##### Recorded data

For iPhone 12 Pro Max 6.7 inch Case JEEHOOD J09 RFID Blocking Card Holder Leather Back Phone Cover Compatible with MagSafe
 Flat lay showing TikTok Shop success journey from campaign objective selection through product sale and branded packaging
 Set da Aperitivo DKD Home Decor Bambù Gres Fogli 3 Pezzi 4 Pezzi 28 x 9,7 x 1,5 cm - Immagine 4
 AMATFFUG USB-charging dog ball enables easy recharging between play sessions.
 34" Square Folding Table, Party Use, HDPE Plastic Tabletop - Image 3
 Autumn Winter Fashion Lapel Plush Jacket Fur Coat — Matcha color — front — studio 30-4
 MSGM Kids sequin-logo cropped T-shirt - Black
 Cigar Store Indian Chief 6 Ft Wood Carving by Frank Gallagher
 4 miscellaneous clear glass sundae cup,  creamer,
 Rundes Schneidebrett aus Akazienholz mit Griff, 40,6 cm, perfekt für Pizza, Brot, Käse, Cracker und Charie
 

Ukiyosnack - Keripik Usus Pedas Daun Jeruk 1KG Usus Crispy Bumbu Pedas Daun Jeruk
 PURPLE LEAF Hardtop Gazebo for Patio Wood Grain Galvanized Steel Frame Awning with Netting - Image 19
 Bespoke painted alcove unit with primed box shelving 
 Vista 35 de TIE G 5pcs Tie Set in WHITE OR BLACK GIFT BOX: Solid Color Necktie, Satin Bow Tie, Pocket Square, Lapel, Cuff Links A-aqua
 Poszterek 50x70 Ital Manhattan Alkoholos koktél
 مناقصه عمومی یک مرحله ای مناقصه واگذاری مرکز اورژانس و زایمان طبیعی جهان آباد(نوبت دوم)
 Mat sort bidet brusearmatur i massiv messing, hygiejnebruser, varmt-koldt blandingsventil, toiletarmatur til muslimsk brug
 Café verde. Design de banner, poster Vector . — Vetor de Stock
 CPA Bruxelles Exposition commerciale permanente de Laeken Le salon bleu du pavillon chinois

##########

Description of the task: Output only the number of lines in the data above that include the word "Square".

Task answer: 2